17 June 2014

The schedule of couture week from Fédération Française de la Couture du Prêt-à-Porter des Couturiers et des Créateurs de Mode,  the French body regulating the official scheduling for fashion week has ust arrived. I am so excited, that in this quite tight and highly prestigious arena, there are three comes-back and one new guest member.

First, the comes-back.


Adeline André, a designer who started her career at Christian Dior in Marc Bohan era in the 70s, received her appelation of haute couture in 2005 to become a permanent member, after eight years becoming the 'invited member'. Her first haute couture collection, showed he couture minimalist with dresses, tunics and soft trousers cut in simple, pure shapes resembling the shift dress of the 1960s, or the so called smallest couture show in the world, with ust one look for women and one for men, showing her infamous patented three-amrhole design. Absent in few seasons, now she's back on track, and, as the eccentricity of her own, her collection is always somehow enriching and yet tingling my mind every time, since every inch has meaning and story on its own.

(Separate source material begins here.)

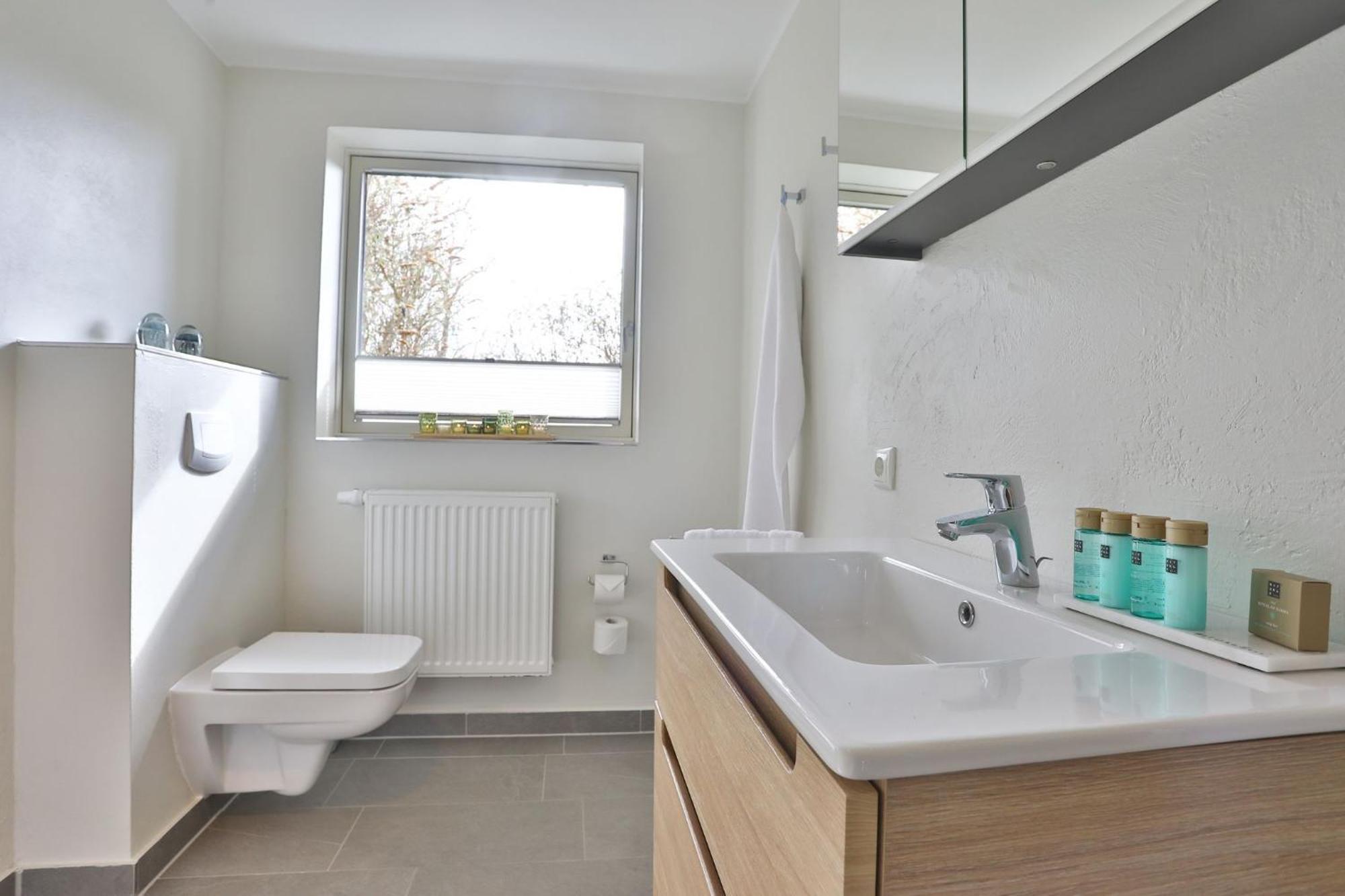 Ferienwohnung "Zur Rebe" Middelhagen Exterior foto
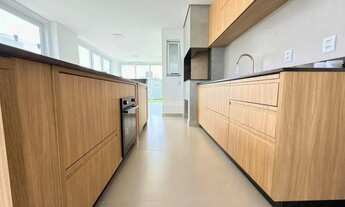 Imagem 6: Sobrado para aluguel possui 176 metros quadrados com 3 quartos em Campeche - Florianópolis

 Photo: Mercedez-Benz Fashion Week

Parisian designer who once showed her ollection during MBFW AFRICA, with her well-though multi-coloured collection with intercultural and extraterestrial inspiration, seems to be a designer with vision and darkness of McQueen and dramatic Galliano.


Stéphanie Coudert showed her couture collection in 2004. She won the woman's prize at the Hyeres Festival in 1999. Known for her Tailleur-Flou, or fluid outfit, Stéphanie would certainly one to watch.

And now, The guest members of the Haute Couture Fall/WInter 2014/15 is,...


Turkish house Dice Kayek is know for their well-structured outfits with amazing multilayering, mixing the traditional craftmanship of couture with the Ottoman apparat, creating modern vision of nowadays women. The clothes have a very stark silhouette with clear cut and neat lines.

Photo: Pascal Gillet/traffic-magazine

Senior player Givenchy is, again, skipping the calendar and focused on (very) private presentation for clients, which is, very good for such well-established house. The exclusivity of the clothes has in some way added value, and big houses like Givenchy should consider doing it private to make it sacred (the more limited the more people want it, isn't it?)

Yiqing Yin, who has recently benefited from Mode et Finance’s financial investment in her signature brand, according to WWD, will also skip couture week in July to focus on pre-collection and ready-to-wear line.

Signorfandi, every body's back on track!